A decent interval is not so much distracting as bracing: too much passive spectating can numb the mind as well as the body.
Or, as Jeff puts it, the mind can only absorb what the ass can endure. Apparently, I am not the only theater-goer who judges theaters by the intermssion. A recent article in the Telegraph considers both the rise of the 90-minute, no intermission shows ("Art," for example, which, truth be told, clocked in at the Stage at a consistent 78 minutes) and grand theater and grand opera with intermissions practically long enough to catch another show nearby.
I usually come down on or near the long intermission side because (as we all know) I go to theaters for the concession stands. Good intermission treats will help make up to me for some poor choices on stage. Well, maybe not really, but I'm less likely to be cranky about it.

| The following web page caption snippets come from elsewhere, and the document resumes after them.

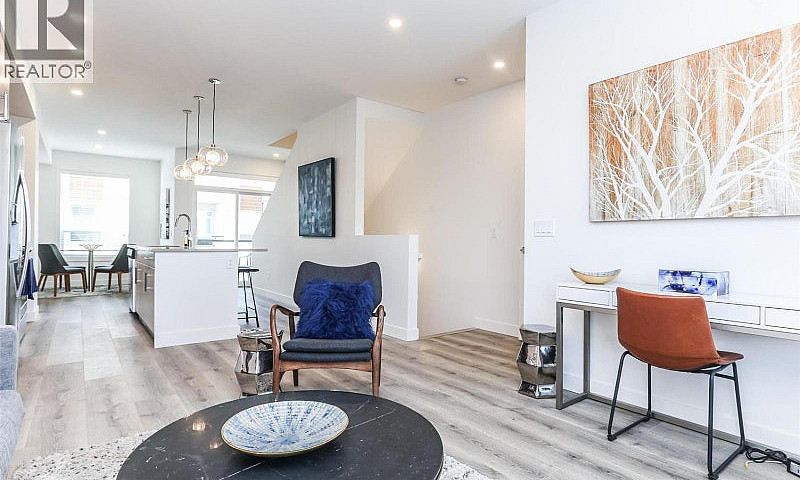 610 Academy Way Unit...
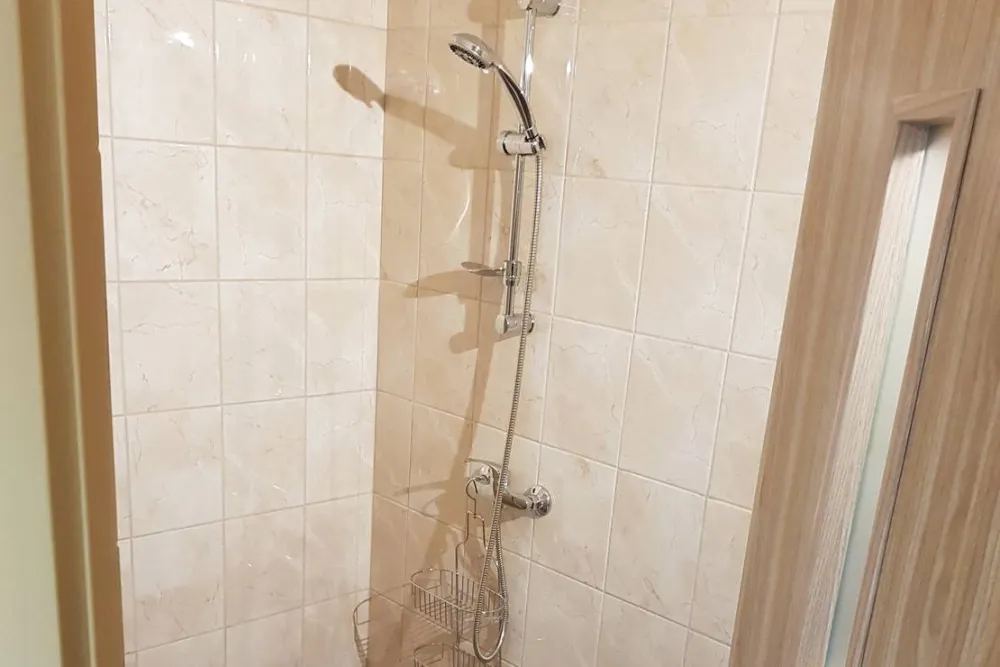 KIKITY - Camping at the lake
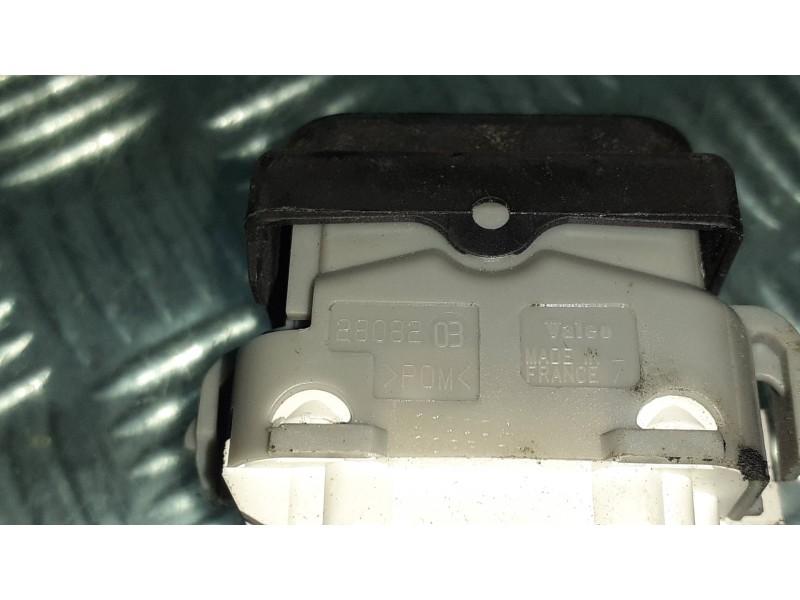 Recambio de interruptor para nissan qashqai (j10) referencia OEM IAM 2808203 6 PINES CIERRE PUERTAS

But the point remains that shows like "Art" or Betrayal need to stay on track. The Pavilion benefits from a short chance to catch your breath before you plunge back into the sometimes icy waters of Pine City.
The same blog from which I got the initial link has a comment with links to two other roughly related articles. Is it a bad thing that plays are getting shorter and smaller? Are important bits being left out in order to get the "punters" off to dinner? It depends on the play. The Mercy Seat says what it has to say in 90 minutes and more time spent with these people isn't going to tell you more. LaBute didn't ask a lot of questions and he has time to answer the ones he asks (or answer them as fully as he intends).
And, she writes with dread, in the day when all theater is viewed on our mobile phones, 90 minutes will be considered way too long.
Via The Playgoer.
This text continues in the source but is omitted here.